Generational effects point to trends that remain true of an age cohort throughout its lifespan. The Lost Generation (coined in the 1920s and referring to artists and expatriates born at the end of the previous century) and the Beat Generation have both been prone to political and social alienation regardless of age. The Baby Boomers are perhaps the most famous generation, in that the American history of their lifetime is sometimes described as if it were their biographical narrative: they were born in the aftermath of World War II, children in the Golden Age of the 1950s, came of age during the Vietnam War and the counterculture, settled down in the calm years of detente, approached middle-age in the paranoid and acquisitive 1980s, and finally came to power with Bill Clinton in the 1990s. The Boomers' fascination with their generation is most likely responsible for the popularity of the study of generation effects.

Baby Boomers are easily defined, though, as those children born when American soldiers returned from World War II, at least figuratively speaking. Generation X is much less clear; the term comes from a study of the sexual mores of Boomer teenagers, but was popularized by Douglas Coupland's novel of the same name to refer to Americans born in the early 1960s. Coupland's Generation X would therefore be approaching 50 now, but the use of the term by the media in his wake would set the endpoint much later, perhaps just before the rising birth rates of the late 70s. Coupland defined his generation as distinct in its resistance to definition, a generation of slackers and self-made millionaires, bloggers and novelists, losing their virginity early and marrying late, politically active and apathetic.

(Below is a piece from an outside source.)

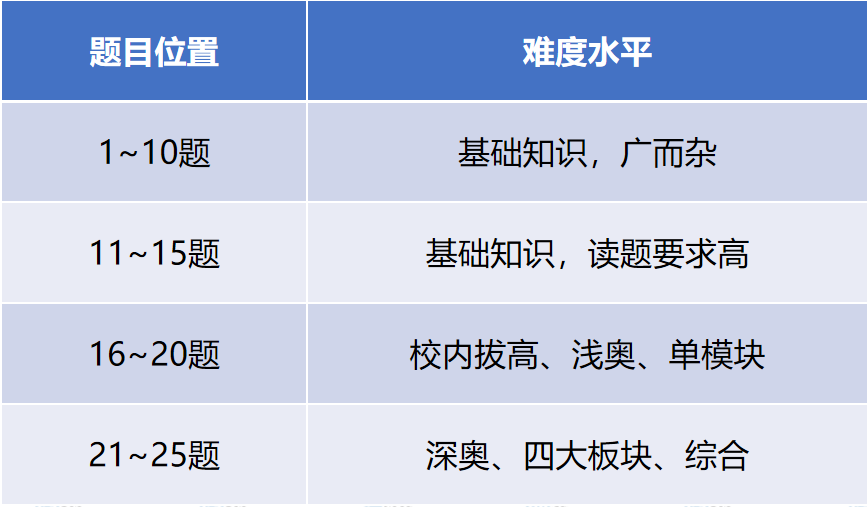 学AMC8数学需要报班吗？机构教育AMC8培训课程助力冲刺前1%，名额有限，速来占位！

Researchers frequently attempt to paint a picture of the cycle of American generations; the descriptions reading almost like those of Zodiac signs. The attention paid to the Baby Boomers and to Generation X stirred up interest in generation-based psychology, both serious and popular, but it would take a great deal of time for a generation's proclivities to fully reveal themselves: the best-studied generation, the Boomers are just approaching retirement age. However, the generation effect does play a role, less in determining the generation's position on an issue, and more in influencing its strength of feeling—the degree to which the generation may feel politically alienated, entitled, or invested.